_TRY IT_.
Using the records below, write out again exactly the lines that begin at the line containing "acrylic boston terrier bead" and end at the line containing "Base T-Shirt Bra - Tan - Image 3", and no other lines.

_RECORDS FOR THIS EXERCISE_.
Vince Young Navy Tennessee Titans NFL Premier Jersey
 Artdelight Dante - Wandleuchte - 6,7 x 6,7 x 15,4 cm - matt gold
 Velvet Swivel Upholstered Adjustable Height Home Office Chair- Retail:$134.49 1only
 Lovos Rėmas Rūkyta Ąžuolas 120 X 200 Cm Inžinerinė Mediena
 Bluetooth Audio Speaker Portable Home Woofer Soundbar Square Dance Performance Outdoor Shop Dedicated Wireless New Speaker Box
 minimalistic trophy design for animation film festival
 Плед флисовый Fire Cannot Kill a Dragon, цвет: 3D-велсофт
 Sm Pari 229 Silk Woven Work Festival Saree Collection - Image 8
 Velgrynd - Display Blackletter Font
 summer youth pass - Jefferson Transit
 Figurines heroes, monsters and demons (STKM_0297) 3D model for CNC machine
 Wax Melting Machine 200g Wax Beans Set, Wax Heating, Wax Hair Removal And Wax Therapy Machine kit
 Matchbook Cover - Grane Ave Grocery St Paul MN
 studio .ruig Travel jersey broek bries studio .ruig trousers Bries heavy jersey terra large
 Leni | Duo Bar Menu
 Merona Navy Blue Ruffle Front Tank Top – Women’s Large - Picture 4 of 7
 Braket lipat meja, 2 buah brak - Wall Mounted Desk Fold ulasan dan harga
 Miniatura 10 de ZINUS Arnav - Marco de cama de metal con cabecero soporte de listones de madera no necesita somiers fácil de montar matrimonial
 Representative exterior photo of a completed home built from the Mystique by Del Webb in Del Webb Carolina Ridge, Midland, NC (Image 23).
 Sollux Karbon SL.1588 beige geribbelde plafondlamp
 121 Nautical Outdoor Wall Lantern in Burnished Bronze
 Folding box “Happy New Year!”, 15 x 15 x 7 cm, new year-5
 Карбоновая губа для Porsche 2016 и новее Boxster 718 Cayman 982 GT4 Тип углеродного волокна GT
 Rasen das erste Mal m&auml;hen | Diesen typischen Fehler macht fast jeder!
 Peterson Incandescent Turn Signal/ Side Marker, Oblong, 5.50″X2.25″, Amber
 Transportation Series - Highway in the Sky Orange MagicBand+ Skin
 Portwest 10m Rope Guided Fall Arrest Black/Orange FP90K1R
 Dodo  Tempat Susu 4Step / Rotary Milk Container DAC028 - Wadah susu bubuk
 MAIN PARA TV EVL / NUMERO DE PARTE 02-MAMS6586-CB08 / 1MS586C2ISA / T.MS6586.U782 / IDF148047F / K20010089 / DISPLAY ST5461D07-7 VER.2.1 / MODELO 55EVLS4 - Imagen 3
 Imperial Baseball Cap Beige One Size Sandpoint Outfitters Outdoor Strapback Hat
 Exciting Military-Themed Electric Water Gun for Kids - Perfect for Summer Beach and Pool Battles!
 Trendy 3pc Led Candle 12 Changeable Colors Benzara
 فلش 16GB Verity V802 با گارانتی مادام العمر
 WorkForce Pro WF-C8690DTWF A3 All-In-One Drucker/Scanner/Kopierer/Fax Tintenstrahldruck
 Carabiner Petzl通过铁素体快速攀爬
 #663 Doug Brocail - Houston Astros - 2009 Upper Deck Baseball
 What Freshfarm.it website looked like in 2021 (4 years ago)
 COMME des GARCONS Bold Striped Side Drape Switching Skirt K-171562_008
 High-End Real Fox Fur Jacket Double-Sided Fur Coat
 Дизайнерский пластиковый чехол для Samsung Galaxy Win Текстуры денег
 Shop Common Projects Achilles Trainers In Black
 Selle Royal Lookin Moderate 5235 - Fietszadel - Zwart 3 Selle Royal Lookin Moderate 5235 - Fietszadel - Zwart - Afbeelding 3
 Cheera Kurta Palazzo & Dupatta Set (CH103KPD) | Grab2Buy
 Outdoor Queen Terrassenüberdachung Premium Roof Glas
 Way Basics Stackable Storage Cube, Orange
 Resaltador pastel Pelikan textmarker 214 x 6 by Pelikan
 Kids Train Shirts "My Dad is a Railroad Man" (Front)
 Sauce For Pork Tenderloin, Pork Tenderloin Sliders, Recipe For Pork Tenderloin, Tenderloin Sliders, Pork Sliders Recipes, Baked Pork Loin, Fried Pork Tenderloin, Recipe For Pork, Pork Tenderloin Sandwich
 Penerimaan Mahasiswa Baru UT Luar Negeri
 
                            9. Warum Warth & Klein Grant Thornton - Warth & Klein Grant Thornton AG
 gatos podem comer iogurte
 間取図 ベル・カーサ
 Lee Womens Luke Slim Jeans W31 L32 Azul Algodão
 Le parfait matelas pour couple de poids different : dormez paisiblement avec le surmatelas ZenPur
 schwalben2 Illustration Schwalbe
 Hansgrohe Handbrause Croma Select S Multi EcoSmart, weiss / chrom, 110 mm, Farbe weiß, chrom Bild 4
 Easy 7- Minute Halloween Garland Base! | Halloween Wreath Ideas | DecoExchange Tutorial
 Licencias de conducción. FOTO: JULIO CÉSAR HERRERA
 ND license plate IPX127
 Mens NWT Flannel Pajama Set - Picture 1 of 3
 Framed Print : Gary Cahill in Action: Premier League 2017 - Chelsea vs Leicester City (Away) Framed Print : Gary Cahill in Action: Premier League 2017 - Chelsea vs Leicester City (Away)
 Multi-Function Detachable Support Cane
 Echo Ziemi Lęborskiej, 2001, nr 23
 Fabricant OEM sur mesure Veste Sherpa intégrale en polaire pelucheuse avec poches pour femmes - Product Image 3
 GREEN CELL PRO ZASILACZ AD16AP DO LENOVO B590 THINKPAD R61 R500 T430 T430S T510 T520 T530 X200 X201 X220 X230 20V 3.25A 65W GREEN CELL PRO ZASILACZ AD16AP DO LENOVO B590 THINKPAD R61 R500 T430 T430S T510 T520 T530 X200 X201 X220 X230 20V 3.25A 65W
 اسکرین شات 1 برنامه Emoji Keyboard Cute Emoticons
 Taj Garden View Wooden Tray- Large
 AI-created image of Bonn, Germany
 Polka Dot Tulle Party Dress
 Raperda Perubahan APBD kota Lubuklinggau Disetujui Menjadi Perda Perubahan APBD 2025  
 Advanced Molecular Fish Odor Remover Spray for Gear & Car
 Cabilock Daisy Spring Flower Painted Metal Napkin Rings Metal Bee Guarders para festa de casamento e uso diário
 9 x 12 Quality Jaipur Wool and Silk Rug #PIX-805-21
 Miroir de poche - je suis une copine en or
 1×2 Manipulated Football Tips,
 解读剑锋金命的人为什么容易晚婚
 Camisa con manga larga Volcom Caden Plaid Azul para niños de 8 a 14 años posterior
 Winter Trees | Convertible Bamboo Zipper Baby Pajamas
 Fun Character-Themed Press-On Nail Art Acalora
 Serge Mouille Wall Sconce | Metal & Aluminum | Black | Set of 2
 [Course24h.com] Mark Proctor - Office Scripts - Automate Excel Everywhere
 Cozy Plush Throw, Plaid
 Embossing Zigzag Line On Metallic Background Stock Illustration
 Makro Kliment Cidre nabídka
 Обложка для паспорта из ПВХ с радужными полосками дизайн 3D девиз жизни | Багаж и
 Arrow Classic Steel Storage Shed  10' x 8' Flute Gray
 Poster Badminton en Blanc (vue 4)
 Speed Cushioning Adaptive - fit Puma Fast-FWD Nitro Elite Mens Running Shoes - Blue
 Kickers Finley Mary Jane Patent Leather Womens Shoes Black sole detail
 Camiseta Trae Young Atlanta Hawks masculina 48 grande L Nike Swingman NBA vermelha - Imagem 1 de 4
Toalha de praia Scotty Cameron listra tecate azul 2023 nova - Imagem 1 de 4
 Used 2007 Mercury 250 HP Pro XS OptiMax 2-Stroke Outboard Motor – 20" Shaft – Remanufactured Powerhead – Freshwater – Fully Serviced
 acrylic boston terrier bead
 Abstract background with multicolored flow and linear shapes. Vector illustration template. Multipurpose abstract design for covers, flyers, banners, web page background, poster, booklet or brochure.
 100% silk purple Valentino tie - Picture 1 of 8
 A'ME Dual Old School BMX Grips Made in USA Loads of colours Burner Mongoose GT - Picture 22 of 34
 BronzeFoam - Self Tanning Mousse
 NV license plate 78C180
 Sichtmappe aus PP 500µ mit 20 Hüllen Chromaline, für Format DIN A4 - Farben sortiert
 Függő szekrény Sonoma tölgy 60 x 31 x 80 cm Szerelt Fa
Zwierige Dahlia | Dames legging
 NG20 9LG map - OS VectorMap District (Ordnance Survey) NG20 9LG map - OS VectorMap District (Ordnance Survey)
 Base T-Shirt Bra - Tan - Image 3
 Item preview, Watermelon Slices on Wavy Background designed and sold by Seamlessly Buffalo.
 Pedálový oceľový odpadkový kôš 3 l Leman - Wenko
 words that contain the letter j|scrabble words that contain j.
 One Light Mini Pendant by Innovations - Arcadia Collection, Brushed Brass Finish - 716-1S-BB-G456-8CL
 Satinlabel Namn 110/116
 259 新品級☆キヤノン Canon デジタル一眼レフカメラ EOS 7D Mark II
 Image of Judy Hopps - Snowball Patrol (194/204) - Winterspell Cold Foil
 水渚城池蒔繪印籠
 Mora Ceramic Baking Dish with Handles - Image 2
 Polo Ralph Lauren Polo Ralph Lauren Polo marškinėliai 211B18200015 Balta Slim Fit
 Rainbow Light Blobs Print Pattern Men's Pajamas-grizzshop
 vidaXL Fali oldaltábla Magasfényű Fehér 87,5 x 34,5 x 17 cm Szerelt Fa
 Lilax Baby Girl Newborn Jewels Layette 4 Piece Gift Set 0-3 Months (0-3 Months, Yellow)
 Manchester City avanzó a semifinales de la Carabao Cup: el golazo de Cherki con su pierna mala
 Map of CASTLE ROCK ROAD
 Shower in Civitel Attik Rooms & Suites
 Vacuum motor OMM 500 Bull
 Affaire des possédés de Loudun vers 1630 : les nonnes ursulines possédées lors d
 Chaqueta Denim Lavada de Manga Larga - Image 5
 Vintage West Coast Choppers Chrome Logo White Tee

_TASK OUTPUT_.
 acrylic boston terrier bead
 Abstract background with multicolored flow and linear shapes. Vector illustration template. Multipurpose abstract design for covers, flyers, banners, web page background, poster, booklet or brochure.
 100% silk purple Valentino tie - Picture 1 of 8
 A'ME Dual Old School BMX Grips Made in USA Loads of colours Burner Mongoose GT - Picture 22 of 34
 BronzeFoam - Self Tanning Mousse
 NV license plate 78C180
 Sichtmappe aus PP 500µ mit 20 Hüllen Chromaline, für Format DIN A4 - Farben sortiert
 Függő szekrény Sonoma tölgy 60 x 31 x 80 cm Szerelt Fa
Zwierige Dahlia | Dames legging
 NG20 9LG map - OS VectorMap District (Ordnance Survey) NG20 9LG map - OS VectorMap District (Ordnance Survey)
 Base T-Shirt Bra - Tan - Image 3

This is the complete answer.